• hendiadys •
hen-dai-ê-dis • Hear it!
Part of Speech: Noun, mass
Meaning: (Rhetoric) The expression of a single idea by two words connected by and, for instance nice and warm instead of a modifier-head phrase, such as nicely warm.
Notes: Here is the name of a rhetorical device we all commonly use. Examples include good and tired for "well tired", sound and fury for "furious sound", come and see (me) for "come to see (me)". This device is a form of emphasis; sound and fury is more emphatic than "furious sound". It is distinguished from genuine conjunction, as in "rich and famous", in that you cannot do without the pair. Thus someone rich and famous is both rich and famous, while someone who is nice and warm may not be nice.
In Play: Rather than examples using today's word, here are some examples of what this word refers to:
"I'll do it when I'm good and ready."
"Nice and easy does it."
"Our preacher warns us of fire and brimstone if we attend dances" (fiery brimstone). This preacher was an advocate of law and order, too (lawful order).

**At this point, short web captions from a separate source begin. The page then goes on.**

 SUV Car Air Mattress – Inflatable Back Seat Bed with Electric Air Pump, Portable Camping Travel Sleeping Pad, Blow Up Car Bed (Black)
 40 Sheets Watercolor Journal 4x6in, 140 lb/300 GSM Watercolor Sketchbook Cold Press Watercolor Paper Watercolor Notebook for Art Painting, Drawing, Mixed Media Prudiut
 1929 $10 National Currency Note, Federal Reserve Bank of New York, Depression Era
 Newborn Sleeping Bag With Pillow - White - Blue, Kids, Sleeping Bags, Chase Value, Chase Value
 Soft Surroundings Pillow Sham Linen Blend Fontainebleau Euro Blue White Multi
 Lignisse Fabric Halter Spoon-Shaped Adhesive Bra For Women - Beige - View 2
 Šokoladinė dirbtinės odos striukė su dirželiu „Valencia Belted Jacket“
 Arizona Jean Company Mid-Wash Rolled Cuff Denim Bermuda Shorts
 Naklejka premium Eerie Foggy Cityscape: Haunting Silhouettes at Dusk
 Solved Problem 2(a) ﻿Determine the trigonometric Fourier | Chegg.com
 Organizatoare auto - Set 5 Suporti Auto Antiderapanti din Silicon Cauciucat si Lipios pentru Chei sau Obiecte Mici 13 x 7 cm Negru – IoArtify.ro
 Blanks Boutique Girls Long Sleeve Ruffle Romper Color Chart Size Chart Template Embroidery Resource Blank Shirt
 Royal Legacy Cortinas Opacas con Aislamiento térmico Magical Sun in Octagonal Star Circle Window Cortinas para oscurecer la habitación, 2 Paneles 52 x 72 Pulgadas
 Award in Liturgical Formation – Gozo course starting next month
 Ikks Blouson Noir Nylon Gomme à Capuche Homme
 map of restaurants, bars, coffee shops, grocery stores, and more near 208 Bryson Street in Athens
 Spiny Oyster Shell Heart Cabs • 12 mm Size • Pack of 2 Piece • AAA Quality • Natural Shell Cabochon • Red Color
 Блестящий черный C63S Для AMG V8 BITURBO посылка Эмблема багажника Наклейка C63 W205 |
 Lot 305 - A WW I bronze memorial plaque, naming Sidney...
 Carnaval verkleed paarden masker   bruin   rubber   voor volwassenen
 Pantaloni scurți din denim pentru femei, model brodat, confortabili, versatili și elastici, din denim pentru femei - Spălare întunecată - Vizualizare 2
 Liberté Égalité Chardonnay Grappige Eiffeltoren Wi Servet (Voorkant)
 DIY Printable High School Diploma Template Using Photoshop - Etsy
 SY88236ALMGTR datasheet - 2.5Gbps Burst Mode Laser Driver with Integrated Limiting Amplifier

Word History: Today's word is a reduction of the Greek phrase hen dia duoin "one by means of two": hen "one" + dia "through, by means of" + duoin "(of) two". Hen seems to come from sem- "one, as one" in the Proto-Indo-European language. Initial [s] became [h] under certain circumstances in Greek. This same word became sempre "always" in Latin, as in the US Marines' motto, semper fidelis "always faithful". It became same in English and sam "self" in Russian, as in samovar "self-boiler" and samizdat "self-publishing". The Greek word for "two", duo, came from a PIE word that remained in all Indo-European langauges: Latin (and English) duo, English two, Russian dva, Hindi do, Sanskrit dve, German zwei (as in zweiback "twice baked"), French deux, Portuguese dois, Spanish dos, and Italian due.